**Source material**.
..............................

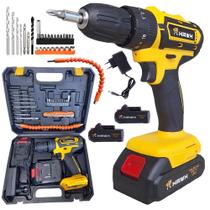 Parafusadeira e Furadeira de Impacto 20V sem Fio com 2 Baterias de Lítio 1.5Ah + Maleta de Acessórios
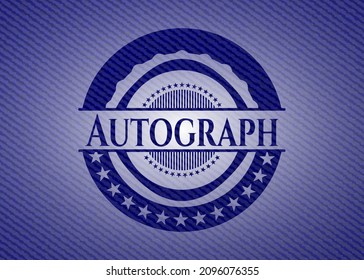 Emblema del autógrafo con fondo de alta calidad del denim. Ilustración vectorial. Detallado. 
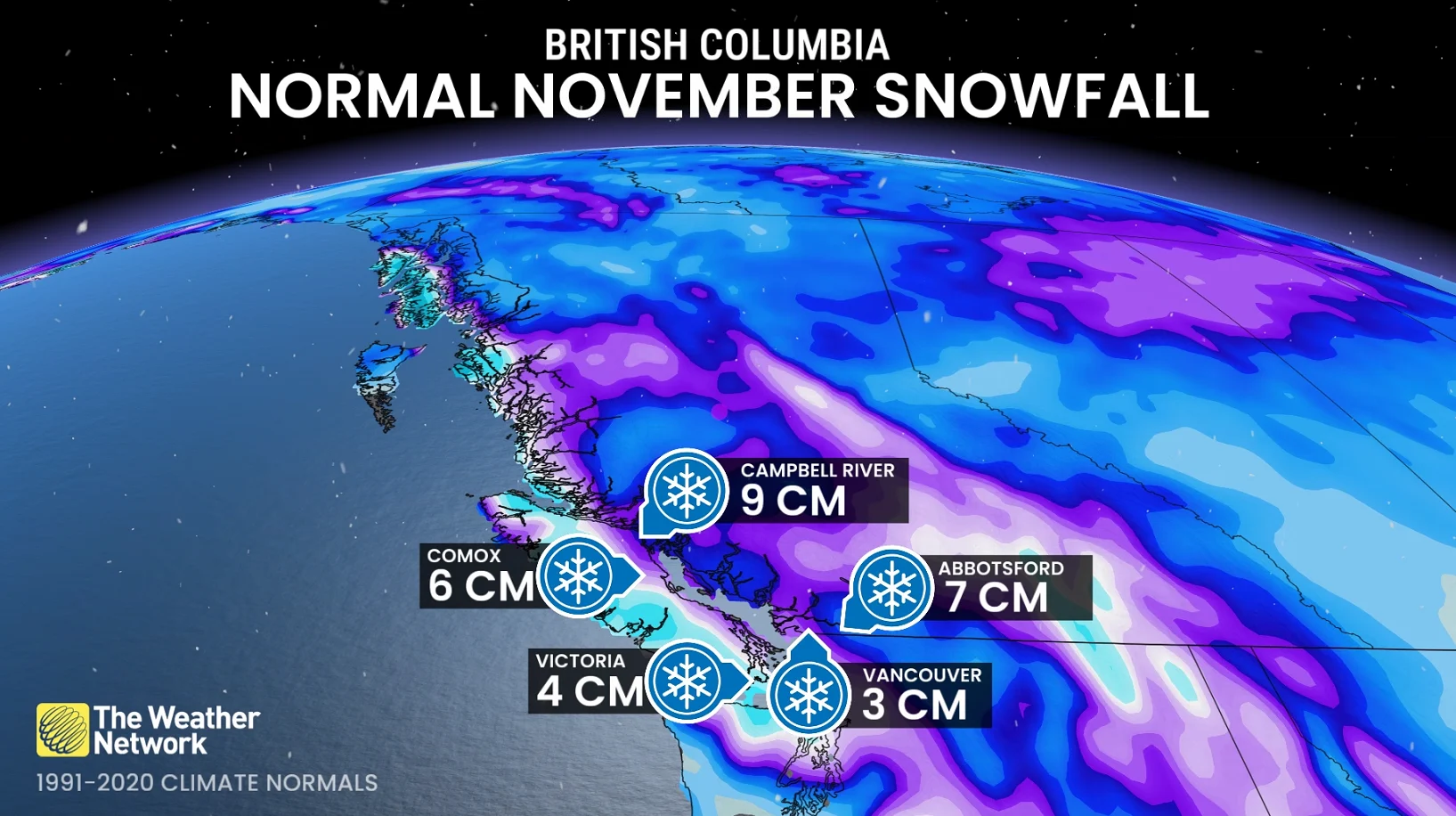 B.C. normal November snowfall on average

..............................

**Exercise goal**.
Leave the pictures out. Otherwise, output the listing above exactly.

**Written answer**.
 Parafusadeira e Furadeira de Impacto 20V sem Fio com 2 Baterias de Lítio 1.5Ah + Maleta de Acessórios
 Emblema del autógrafo con fondo de alta calidad del denim. Ilustración vectorial. Detallado. 
 B.C. normal November snowfall on average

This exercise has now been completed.